Your objective: Omit the pictures and retype only the lines from the one containing "Дом с 3 спальнями" through the end of the listing, both ends included.

Data for review:
---

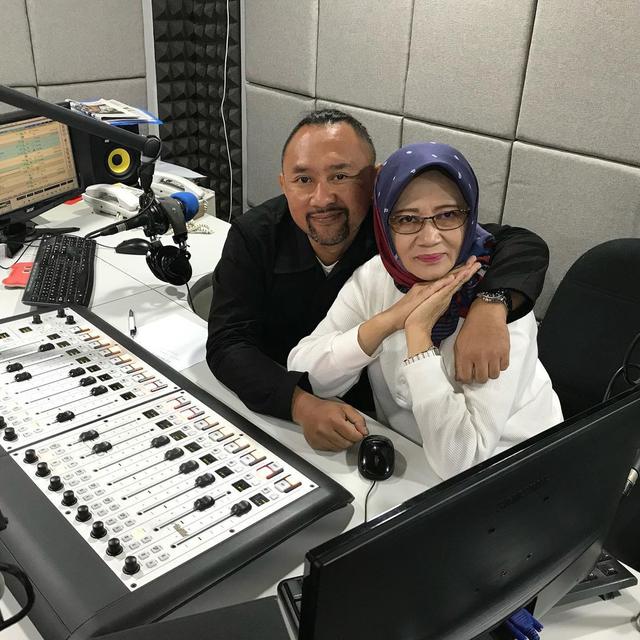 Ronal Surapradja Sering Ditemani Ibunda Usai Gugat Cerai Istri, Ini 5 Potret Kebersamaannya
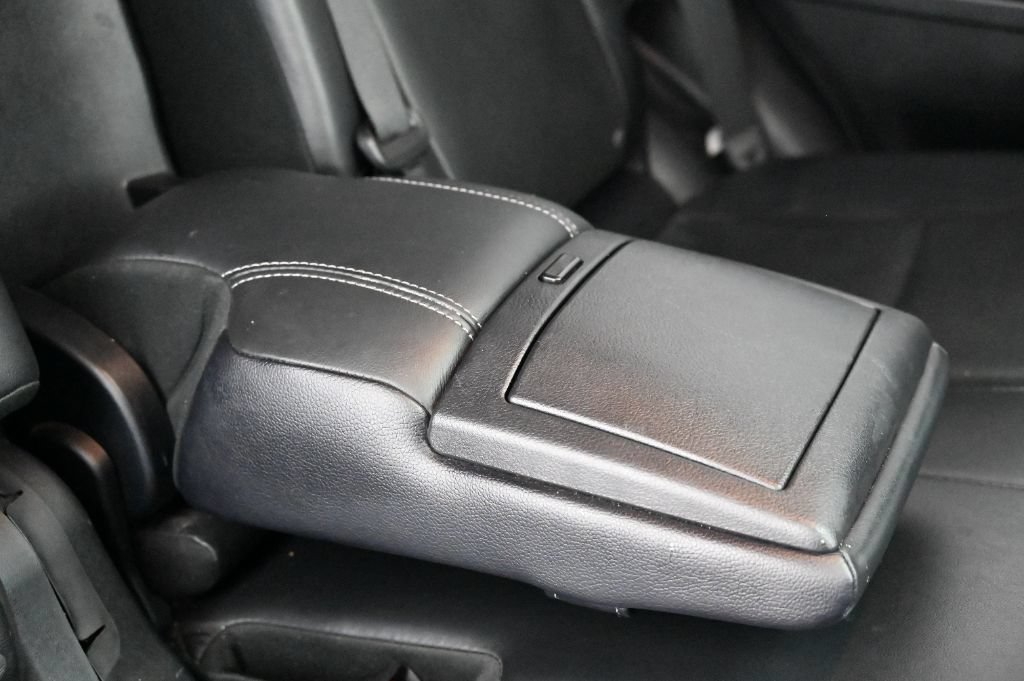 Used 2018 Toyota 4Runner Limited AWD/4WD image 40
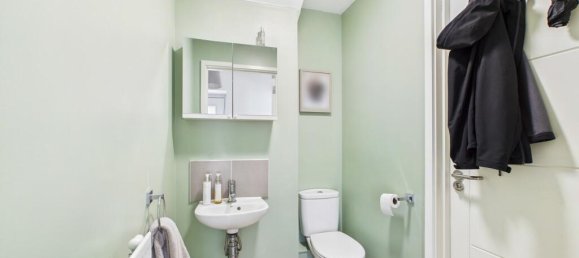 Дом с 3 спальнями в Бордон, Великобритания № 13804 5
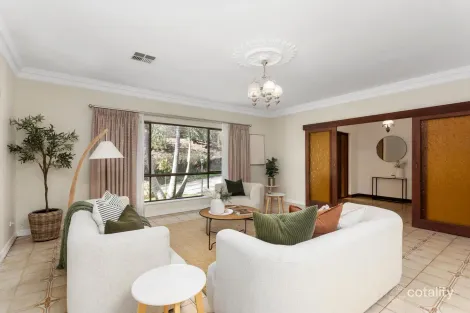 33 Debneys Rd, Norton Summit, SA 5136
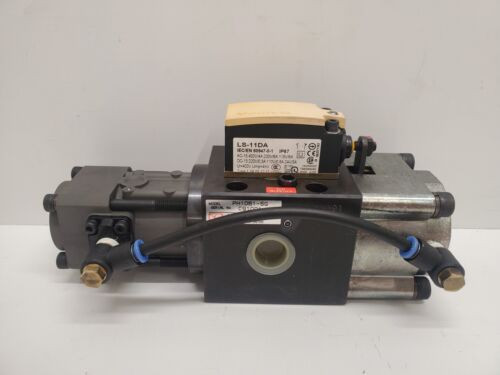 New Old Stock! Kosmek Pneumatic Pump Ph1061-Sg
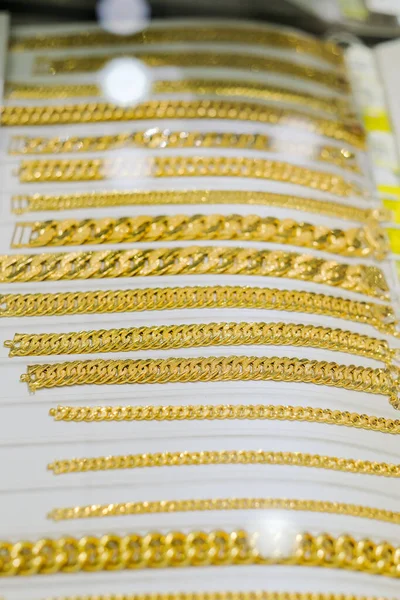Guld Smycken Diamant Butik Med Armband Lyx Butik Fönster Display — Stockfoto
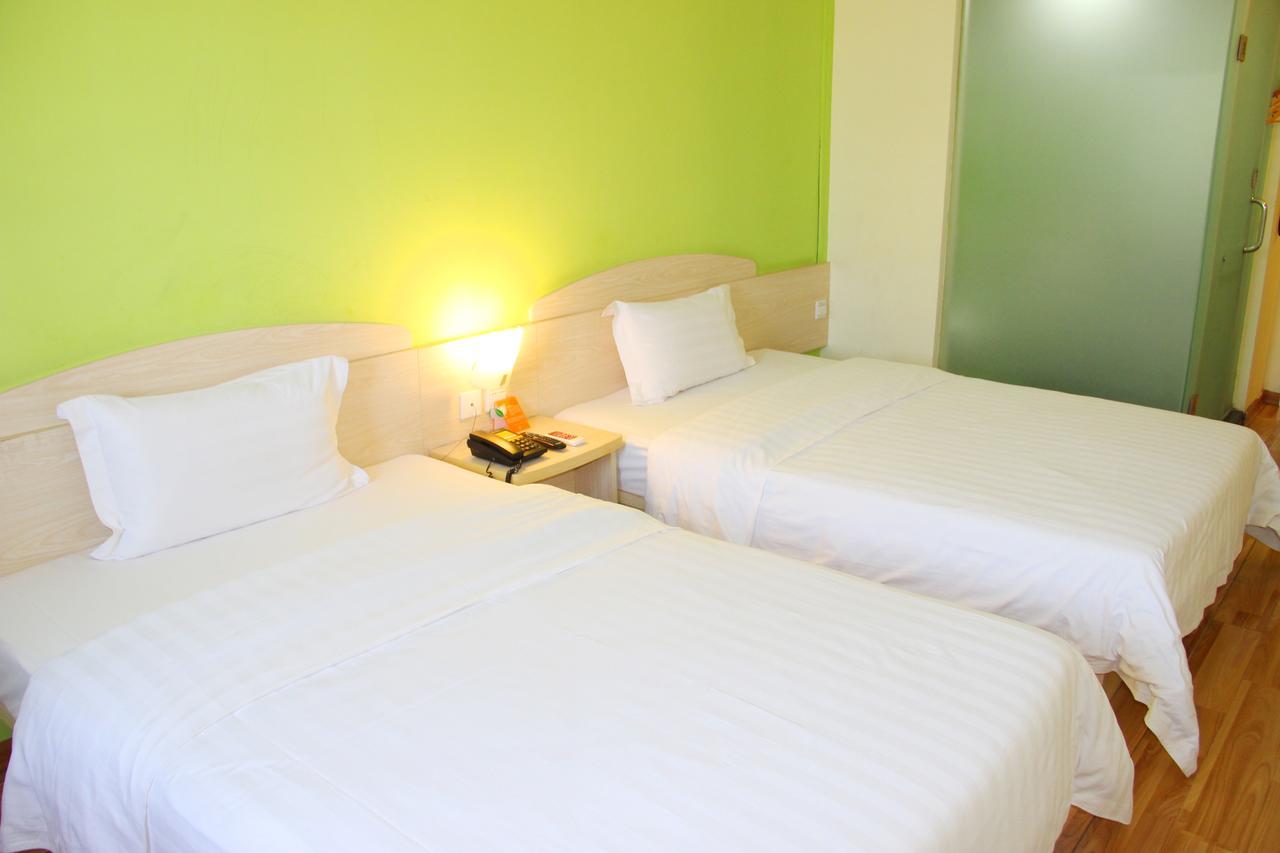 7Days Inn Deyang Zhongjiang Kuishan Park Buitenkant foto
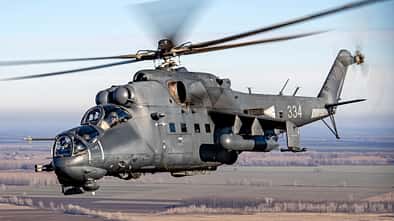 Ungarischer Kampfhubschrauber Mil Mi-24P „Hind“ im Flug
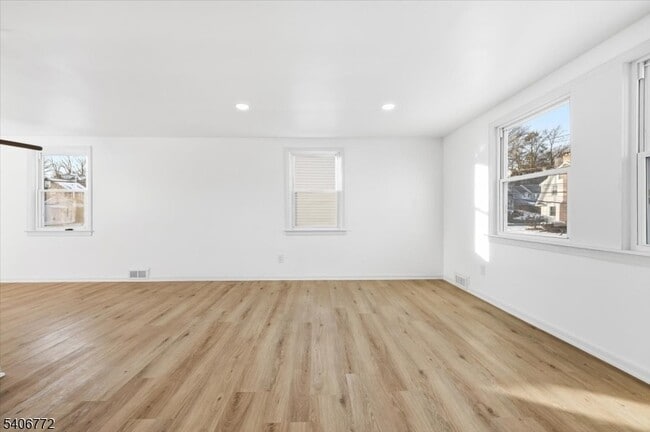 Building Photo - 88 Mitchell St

---

Written reply:
 Дом с 3 спальнями в Бордон, Великобритания № 13804 5
 33 Debneys Rd, Norton Summit, SA 5136
 New Old Stock! Kosmek Pneumatic Pump Ph1061-Sg
Guld Smycken Diamant Butik Med Armband Lyx Butik Fönster Display — Stockfoto
 7Days Inn Deyang Zhongjiang Kuishan Park Buitenkant foto
 Ungarischer Kampfhubschrauber Mil Mi-24P „Hind“ im Flug
 Building Photo - 88 Mitchell St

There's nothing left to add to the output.